My 1951 TD just arrived and I'm new to MGs.

So, yesterday, I turn the key and the red light goes on and I hear the ticking from the fuel pump.

But, it only ticked about 10 times and then stopped.

So, today, I bought a new battery and put it in.

Now, the red light goes on and it ticks just for a few times then stops.

I pull the starter, nothing...

Any idea what this is indicative of?

Thanks for your help in advance, Joe.

J Holman

Joe the ticking is the fuel pump filling the float bowls and will stop once they are full. If your pulling the starter and nothing is happening then I suggest that you try the following.
Make sure the car is out of gear and the e brake is set. Turn the key on and then take a large gauge wire ( 12 or better) and jump the two terminals on the starter switch on the fire wall. The starter should engage imediatly. If it doesn't then we need to figure out whats going on from there. Before you jump the switch Make sure you are pulling the starter switch fully (it takes some effort).



How much of the cable should be pulling?

Right behind the starter it is pulling only about 3/16ths of an inch when I pull quite hard.

Is that enough? If not, how much should it be moving?
J Holman

Well, I pulled harder and it moved a bit further.

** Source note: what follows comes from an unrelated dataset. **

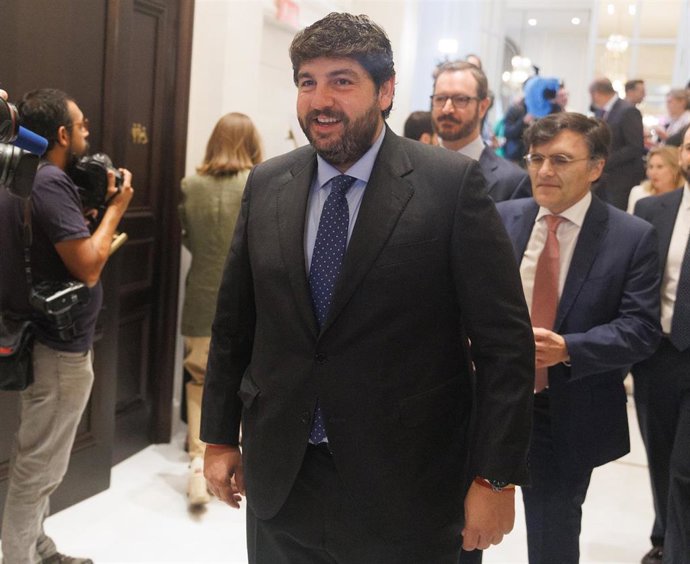 Foto de archivo del presidente en funciones de Murcia, Fernando López Miras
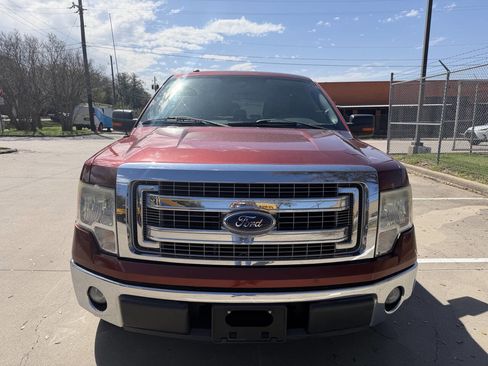 Used 2014 Ford F150 XLT w/ XLT Chrome Package image 2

And this time, the red light dimmed as I pulled hard.

J Holman

try to turn the starter motor. Sometimes the pinnion gear and ring wheel are blocked. I found the regular on my baby.
At the rear end of the starter motor you should see a square portion. turn this simple with a spanner. If it blocked, turn a bit stronger and the pinnion will com free and you should now be able to start your car normaly.
Good luck


There could be several problems here. You need to clean your ground connections, especially the one between the frame and the engine/transmission.

Then tighten the battery connection to starter.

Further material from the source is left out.